States Recently Threw Out Millions of Dollars of Unused Masks and Other Pandemic Gear. But the Story is Not What You Think.
A case study of how, once again, government officials, and their health advisors, do not practice evidence-based public health.
Recently, the Associated Press published an investigative report titled “States are trashing troves of masks and pandemic gear as huge, costly stockpiles linger and expire.” The piece detailed the extraordinary sums of money lost as states threw away or held fire sales on tens-of-millions of dollars worth of PPE (Personal Protective Equipment) that they had purchased during the pandemic but no longer need. Ohio vaporized $29 million of taxpayer money; Maryland $93 million.
At first, this may seem like a story of government waste, albeit waste that was the result of well-intentioned over-purchasing during an emergency. But a brief investigation suggests that much of this equipment did not need to be discarded. And the fact that authorities, and their advisors, operated without even a modicum of due diligence is indicative of a pervasive problem with the public health establishment.

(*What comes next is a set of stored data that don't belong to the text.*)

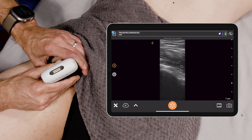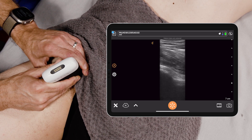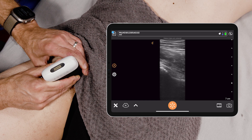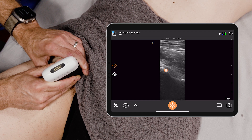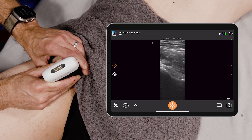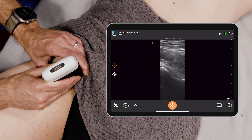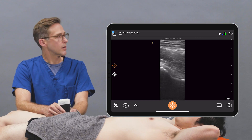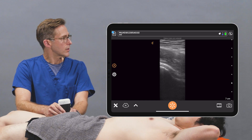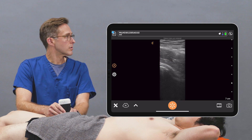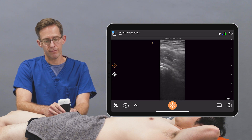Typically if there's an effusion you'd see hypoechoic fluid within the joint space. This could be an indication for an arthrocentesis, further imaging, or at least thinking about a potential septic hip or effusion as a cause of the patient's hip pain. Check all of the areas.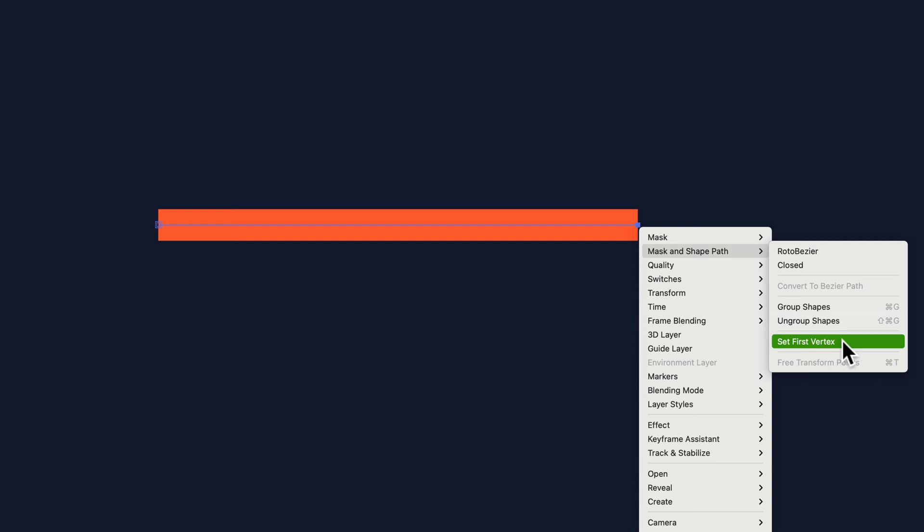And if I wanna set this one as the first vertex, the whole point of this tutorial, I'm gonna right click or control click on this one, go to mask and shape path, set first vertex, and now the first vertex is on the right side.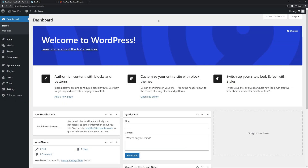Hello and welcome to SeedProd. In this video I'm going to show you how to put your WordPress website into maintenance mode in 2023.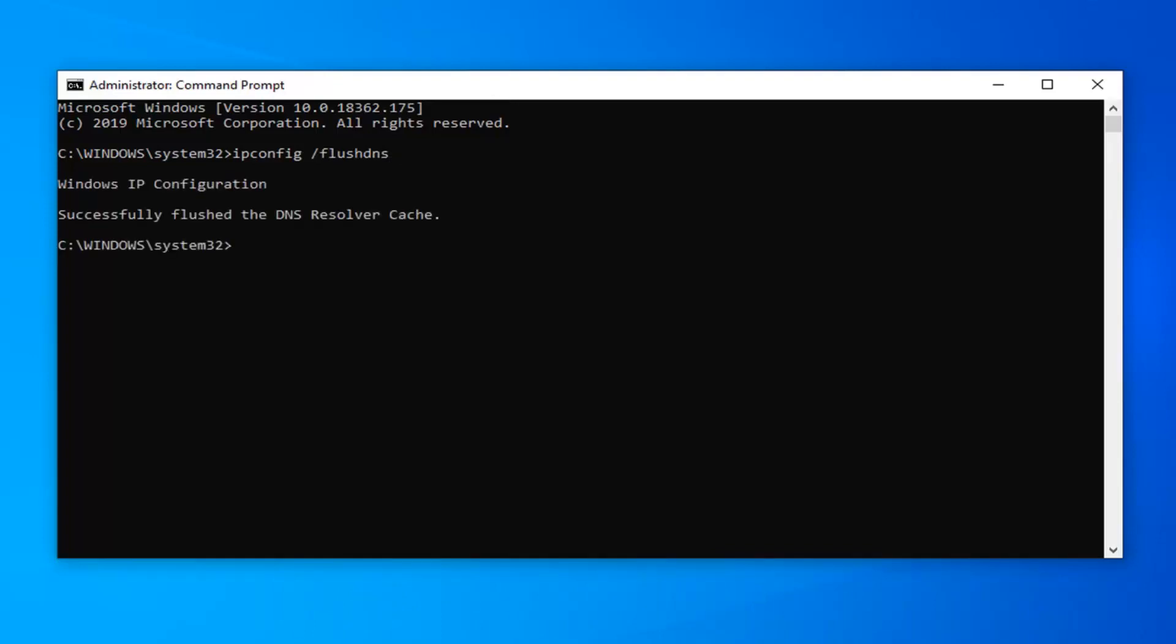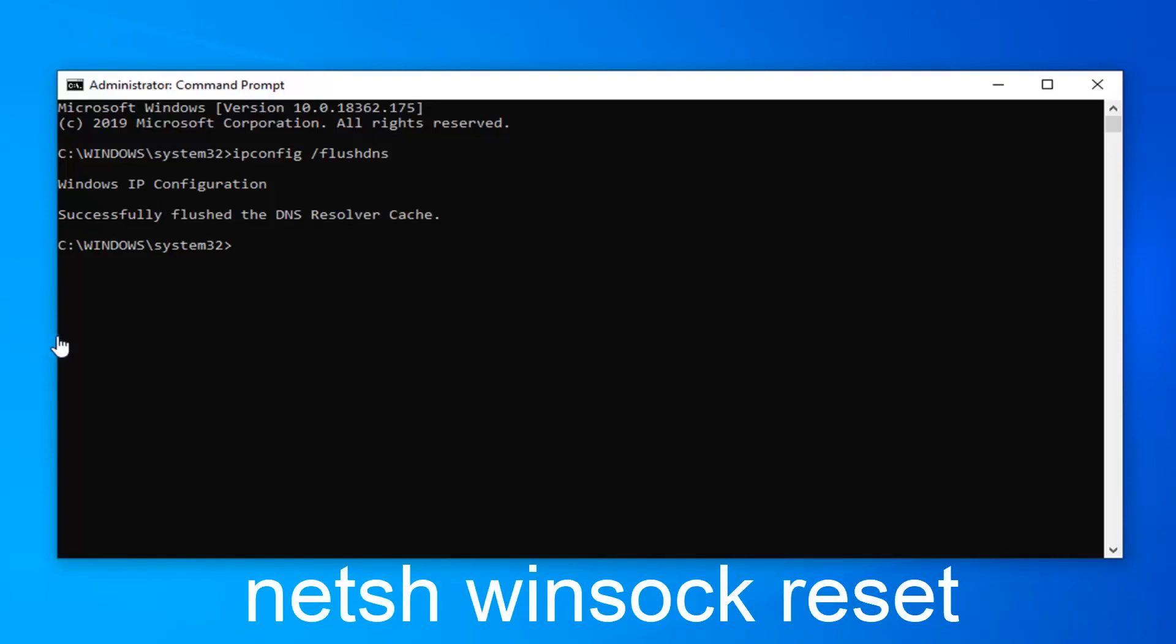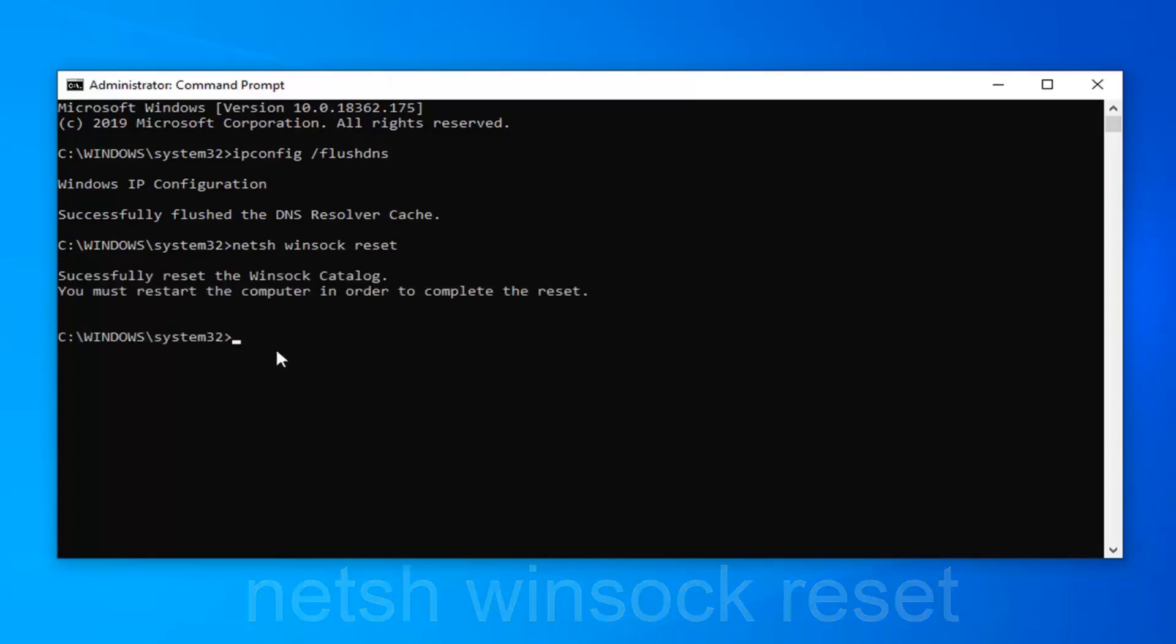Okay, now that you've done that, type in netsh, space winsock, space reset, exactly as it appears on my screen. Hit enter on your keyboard once again.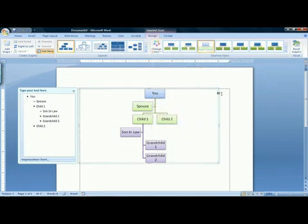Continue to add relatives, and there is your family tree. And that is how to make a family tree in Microsoft Word 2007.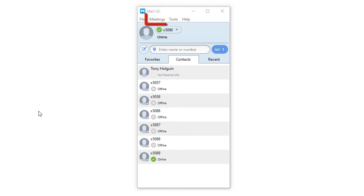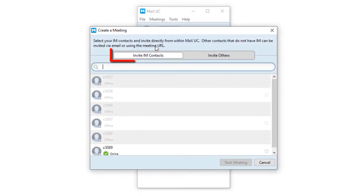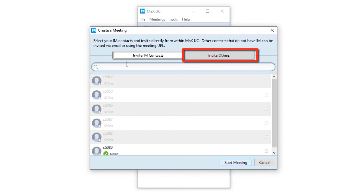To start a meeting, select the Meetings tab and select Create. Select your IAM contacts and invite directly from within your Max UC desktop client. Invite others by sharing the meeting link.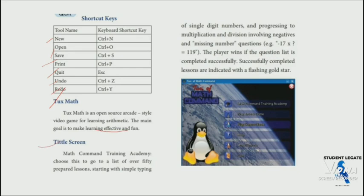The title screen is called the Math Command Training Academy. From there, you can go to a list of 50 prepared lessons, starting with simple typing of single-digit numbers.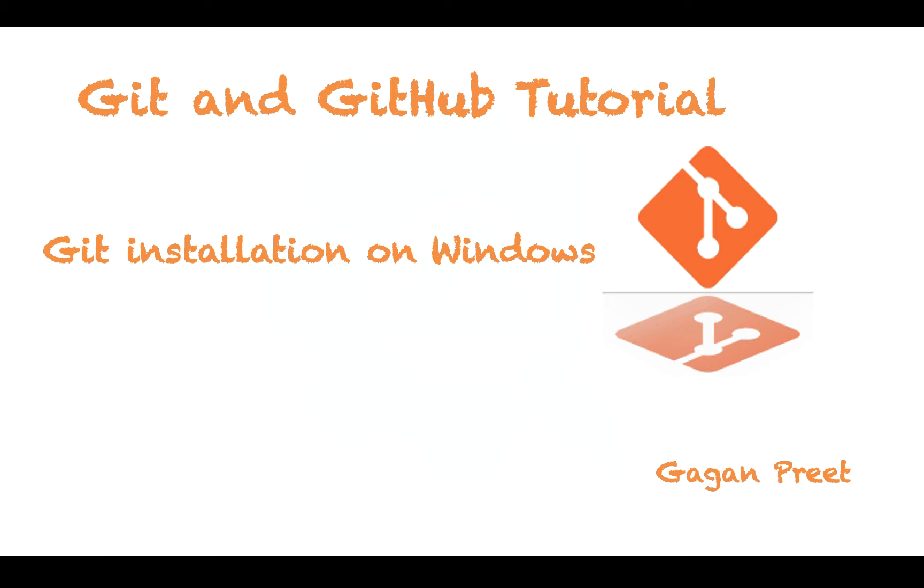Hello everyone, in this video we'll see how to install Git on Windows. So let's get started.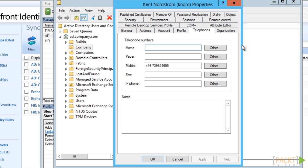In the next part, we will look at allowing helpdesk to manage the users using the FIM portal.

You may wonder why the states don’t simply hold on to these materials, such as masks and gowns, in case they are needed in the future. The answer, we are told, is that much PPE has a limited shelf life and is not considered or guaranteed to be effective after its expiration date. For this reason, South Carolina dumped 650,000 expired masks. “Wisconsin tossed nearly 1.7 million masks and almost 1 million gowns,” the report noted. FEMA sets the value of expired supplies at zero dollars, the AP wrote.
Over time the materials used in PPE can degrade, weakening their effectiveness. As such, manufacturers have “best by” dates or accepted shelf-lives for their masks and other gear to ensure quality. Except several studies suggest that the stated expiration dates of masks and gowns are largely false.
A study conducted between April and June 2020, and published in August 2020, in JAMA Internal Medicine, tested the effectiveness of expired masks and compared them to new masks. N95 respirators that had expired in 2009 and 2011—roughly a decade before the study period—had unchanged effectiveness. Both batches of expired N95s exceeded the benchmark of 95% fitted filtration efficiencies.
Moreover, the masks were tested in a highly controlled environment, and measuring their effectiveness at blocking particles was limited to just over 4 minutes.
As I’ve written about before, evidence has shown mask mandates to not be meaningfully effective, in part, because interventions do not often operate in the real world the same as they do in a lab. Kids wearing masks in schools and workers wearing them in offices do so for hours each day, not for four minutes. Obviously, the ability for someone to keep a respirator tightly sealed to their face diminishes over time and will lead to lower effectiveness than what a lab test shows. Outside the “perfect” environment of the laboratory, as the frailties of human behavior increasingly diminish the effect of an intervention, any theoretical difference between expired masks and new ones likely vanishes anyway.
Back in February 2020, the CDC also had conducted a test of old masks, which had been manufactured between 7 and 17 years earlier. The study indicated that many were beyond the manufacturer-designated shelf life. There were 11 models taken from 10 different storage facilities around the US. The CDC found that “the majority of respirator models tested continued to meet performance standards.”
Gowns used by healthcare professionals need to meet certain standards for liquid resistance, and, like masks, the materials can degrade over time. So gowns, too, have shelf life dates. Yet gowns beyond the expected shelf life of five years also performed well in a test by the CDC in 2018. In fact, the old gowns outperformed newer gowns that were still within the acceptable time period.
None of these studies provides a definitive assessment of the quality of all supposedly outdated PPE. Yet they certainly suggest that, at minimum, the states should not have been so rash in junking millions of dollars worth of masks and gowns based on the false notion that they were no longer effective.
Why not run a test once a year on a sample batch from the stockpiles to test their effectiveness, and if the results are good, continue to retain the equipment? While there are some costs associated with storage, surely maintaining a few warehouses to hold stockpiled PPE is cheaper and wiser than dumping the supplies and, inevitably, scrambling to purchase new products at the onset of the next emergency.
The AP investigation revealed important data about wasted PPE. Unfortunately, though, the report—which was covered by news outlets all over the country—did not assess the imprudence of the states’ actions. None of the journalists bothered to look at what the evidence actually shows regarding shelf lives of PPE.
Worse still, state public health officials around the US did not advise the decision makers to hold on to their stockpiles. They, too, seem to just assume the shelf lives stated by manufacturers, and approved by government agencies, were accurate. (Did it occur to anyone that it’s in the manufacturers’ self interest for their products to have shortened stated shelf lives?)
With just a small amount of research I found studies, published by the CDC and in a prestigious medical journal, that showed the expiration narrative was false. This debacle is a case study of yet more public health policy decisions being made without officials actually looking at the evidence. And—following unsupported claims about the benefit of mask mandates, six feet of distancing, and school closures that lasted more than a year, among other errors— it’s yet another mark against the authorities’ trustworthiness.